Look for patterns, not perfection:
- What do I always try, even when it’s hard?
- What have I learned to do over time that used to seem impossible?
- What makes me proud, even if no one else noticed it?
Use sensory anchors:
- Revisit a playlist from a time when you felt strong
- Touch a keepsake that represents a season of growth
- Look at your own handwriting from a time when you felt centered
These aren’t magic switches—but they help reintroduce coherence to a dysregulated self-image.
The goal isn’t to erase the spiral.
It’s to light a match in the dark.
Create a “Strength Bookmark” Practice
You don’t need to rely on memory alone.
In fact, it’s better not to.
Set up a system that lets you track your strengths in moments of clarity, so you can come back to them later.
You might call it:
*“Things I’ve Survived” list
*“Strength Snapshots” journal
*“Evidence of Me Being a Badass” folder
Or simply: “Who I Am (When I Remember)”
Ideas for what to capture:
- A decision you made that aligned with your values
- A conversation where you held a boundary
- A time you made someone feel safe or seen
- A moment you kept going, even when it was hard
- A creative idea you followed through on
- A past version of you you’re proud of
This can live in your planner, your Notes app, a jar, a wall, a private Instagram archive—whatever works for your brain.
Make it visible.
Accessible.
Yours.
Because when the spiral returns, it’s not your job to remember everything.
It’s your job to design for the forgetting.
Reclaiming Self-Trust as a Gentle Practice
Most people think self-trust comes from confidence.
But for neurodivergent minds, it often comes from evidence. Repeated. Reaffirmed. Reclaimed.

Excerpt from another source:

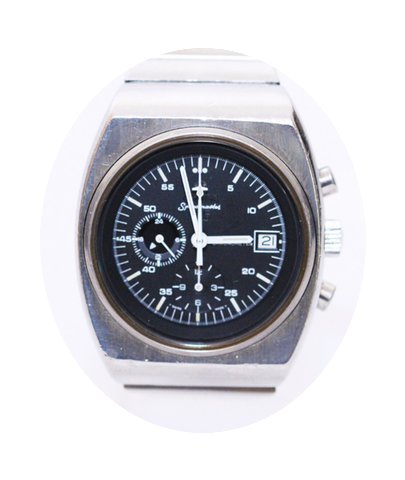 Omega Speedmaster 125 Ref. 3780801...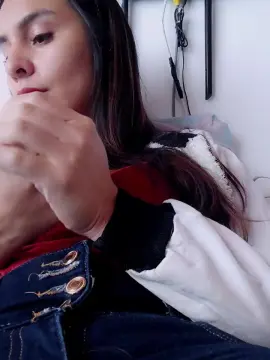 Cam4 Private Sex Chat of Gh4nima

You may not always feel like someone strong or consistent.
But you have been.
And you will be again.
Even in your lowest identity spiral moments, you’ve likely shown:
- Courage through overwhelm
- Adaptability under pressure
- Creativity when cornered
- Empathy in the face of misunderstanding
- Resourcefulness when unsupported
That’s strength.
That’s you.
You don’t have to “figure out” who you are in one go.
You don’t have to believe in yourself fully to begin collecting proof.
You just need to start noticing—again and again—the parts of you that show up, even in the fog.
And when they feel far away?
Reach for the bookmarks.
Revisit the evidence.
Remember the spark.
Your story isn’t broken.
It’s still unfolding.
You Are Not Starting from Scratch in an Identity Spiral
In the middle of an identity spiral, everything can feel unfamiliar—even yourself.
But here’s the truth:
You are not starting over.
You are returning to yourself—with more awareness, more wisdom, and more tools than you had before.
Your strengths didn’t disappear.
They’re just harder to access right now.
And that doesn’t make them any less real.
This moment—however messy, however uncertain—is not the end of the story.
It’s an invitation to begin again from within.
Not with pressure.
Not with perfection.
But with one gentle question:
“What part of me do I want to remember today?”
Let it be small. Let it be real. Let it be enough.
Try This: Strength Bookmark Prompt Worksheet
Or take 5 minutes to answer one of the following:
- “What’s something I’ve gotten through that I wasn’t sure I could?”
- “When did I last feel proud of myself—even a little?”
- “What’s one strength someone else has seen in me that I often forget?”
Write it down. Save it somewhere visible.
You’re building a bridge back to yourself—one remembered truth at a time.